Reproduce exactly, and only, the lines of the material below running from the line bearing "Online Mette Ditmer" through the line bearing "Standard Ignition EGV505 EGR Valve - view 2". Leave any pictures out.

◆ **MATERIAL SHOWN**:

= Beginning of Section =

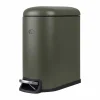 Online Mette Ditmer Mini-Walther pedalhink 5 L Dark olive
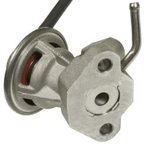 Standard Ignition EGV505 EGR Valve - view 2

= End of Section =
= Beginning of Section =

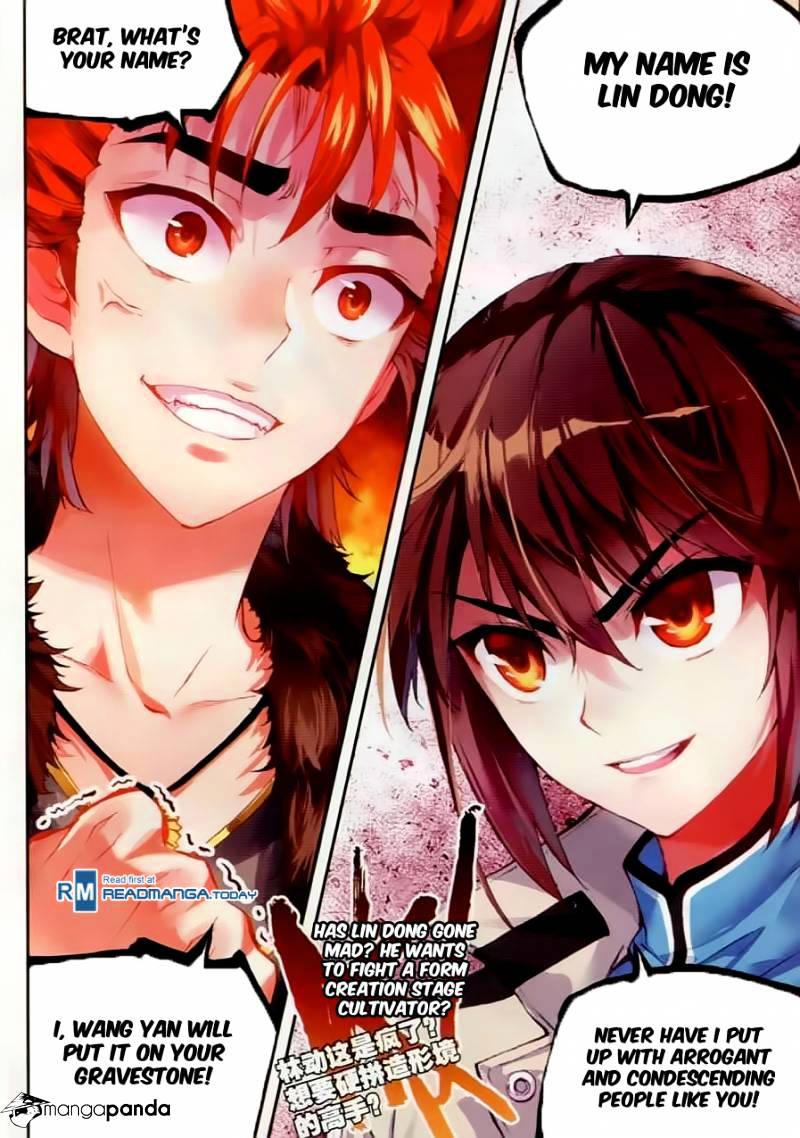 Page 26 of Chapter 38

= End of Section =
= Beginning of Section =

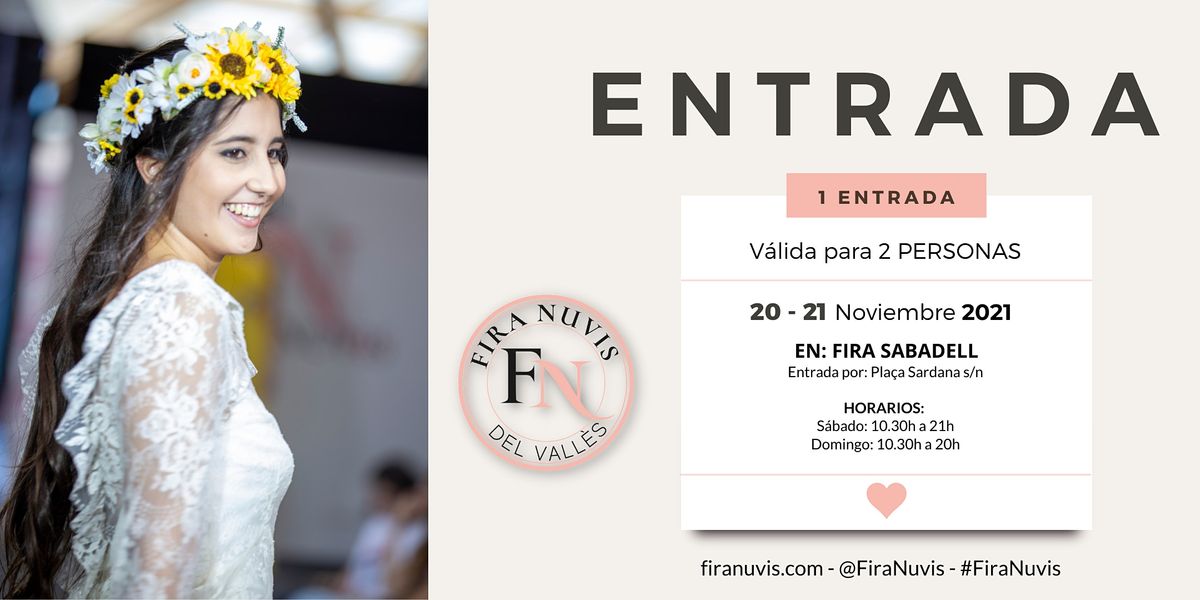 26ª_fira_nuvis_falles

= End of Section =

◆ **ANSWER TO THIS EXERCISE**:
 Online Mette Ditmer Mini-Walther pedalhink 5 L Dark olive
 Standard Ignition EGV505 EGR Valve - view 2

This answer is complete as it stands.